• Source data:
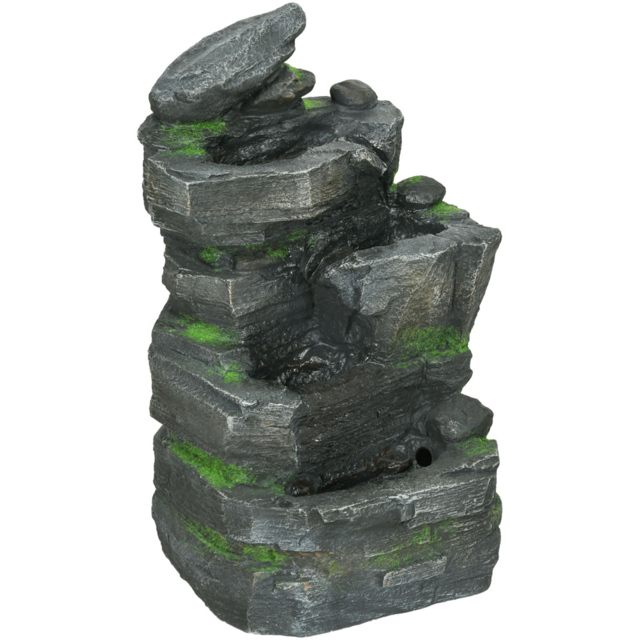 Outsunny Dark Grey Outdoor LED Garden Fountain - Size: 57 x 28 x 34cm - Wilko - image 1
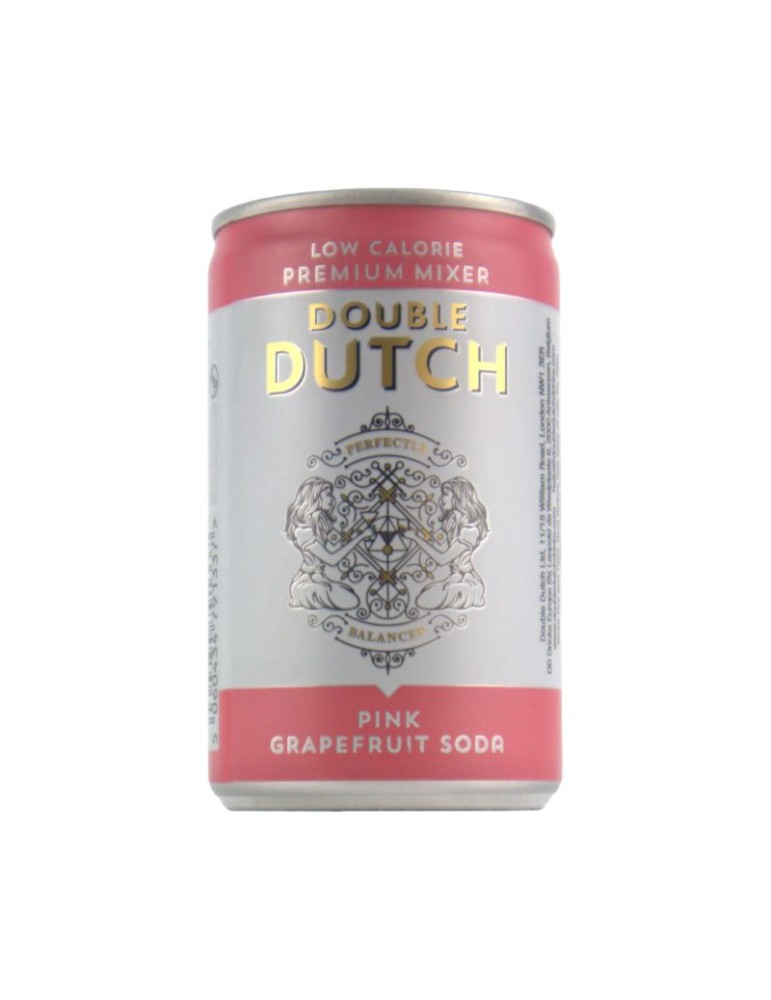 DOUBLE DUTCH Pink Grapefruit Soda - 0.15L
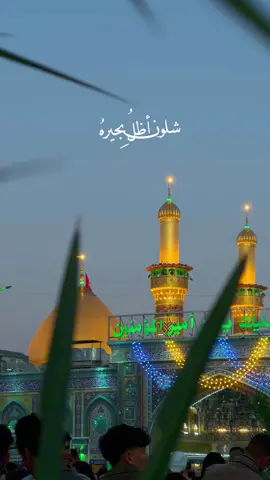 بـابُ الحوائجِ لا يَنفكُّ يَبذُلُها             فدَأبُه الفتحُ والأبوابُ تُنغَلِقُ #العتبة_العباسية_المقدسة #كربلاء_المقدسة  #ميرزا🍂  #اللهم_صل_على_محمد_وال_محمد 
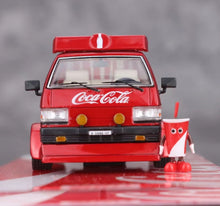 Load image into Gallery viewer, MK 1:64 HEC Red Coke Delica L300 Delivery Mini Van Model Diecast Metal Car New Collection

• Requirement:
Every line between the one containing "DOUBLE DUTCH Pink Grapefruit Soda - 0.15L" and the last line of the data above, both included, should be copied exactly, but not the pictures.

• Response:
 DOUBLE DUTCH Pink Grapefruit Soda - 0.15L
 بـابُ الحوائجِ لا يَنفكُّ يَبذُلُها             فدَأبُه الفتحُ والأبوابُ تُنغَلِقُ #العتبة_العباسية_المقدسة #كربلاء_المقدسة  #ميرزا🍂  #اللهم_صل_على_محمد_وال_محمد 
 Load image into Gallery viewer, MK 1:64 HEC Red Coke Delica L300 Delivery Mini Van Model Diecast Metal Car New Collection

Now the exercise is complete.